IWP professor speaks about American foreign policy post-Flynn

by Francesca Rivera-Castillo  |  March 16, 2017  |  PRESS RELEASES


Professor Chodakiewicz began with a brief background on the present state of affairs in American policy and Russia's position. He then stated Flynn's foreign policy plans with Russia and the trajectory that Trump and H.R. McMaster would most likely go. This is actually still Flynn's plan.

Professor Chodakiewicz stated that policy in general should be integrated into communication. The current administration lacks this. Russia's position or nuclear threat has not changed since 1949. Chodakiewicz states that the greatest threat to national security of the US is nuclear weapons. The second is China possessing nuclear capabilities. The nuclear policy of Russia reflects cultural factors. Putin is a post Marxist-Leninist. He uses the Orthodox Church to enhance his power. Furthermore he states that Russia has always tried to influence our elections, but they were not the reason why the election swayed toward Trump.

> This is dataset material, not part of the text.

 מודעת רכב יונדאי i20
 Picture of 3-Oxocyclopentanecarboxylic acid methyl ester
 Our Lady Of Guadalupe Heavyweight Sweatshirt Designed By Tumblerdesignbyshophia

Dr. Chodakiewicz called on his audience to understand how Trump's foreign policy is paradoxical. It is not plausible, he said, to think that a Russian ambassador would agree to renegotiate the current situation with Crimea. Trump also believes General Flynn's policy was to "Let Us Win." In other words, this strategy was designed to totally annihilate the enemy. However, this is what the military proposed to do in Iraq and Afghanistan, with little to show for it. Instead by being involved in the Middle East only from the air, this would lure the Russians into seizing a false opportunity to pick up where the Americans left off. Only this time, they would become totally exhausted.

However, Dr. Chodakiewicz qualified that his position is more speculative than not. He clarified that he does not know whether there is a strategy or not. Both are possible: that the Trump Administration is ignorant of geopolitics, or that they know a great deal.

The question here is how Trump's thinking will evolve, post-Flynn. Dr. Chodakiewicz said that no one now could tell. Flynn and Trump were ideologically similar but through simple chance, the two never had much of an opportunity to grow together. The new NSC advisor, Gen. McMaster, may act in ways parallel to or different from Flynn's way. Dr. Chodakiewicz concluded hopefully: wishing that the new NSC advisor follows in the strategic footsteps of Gen. Flynn.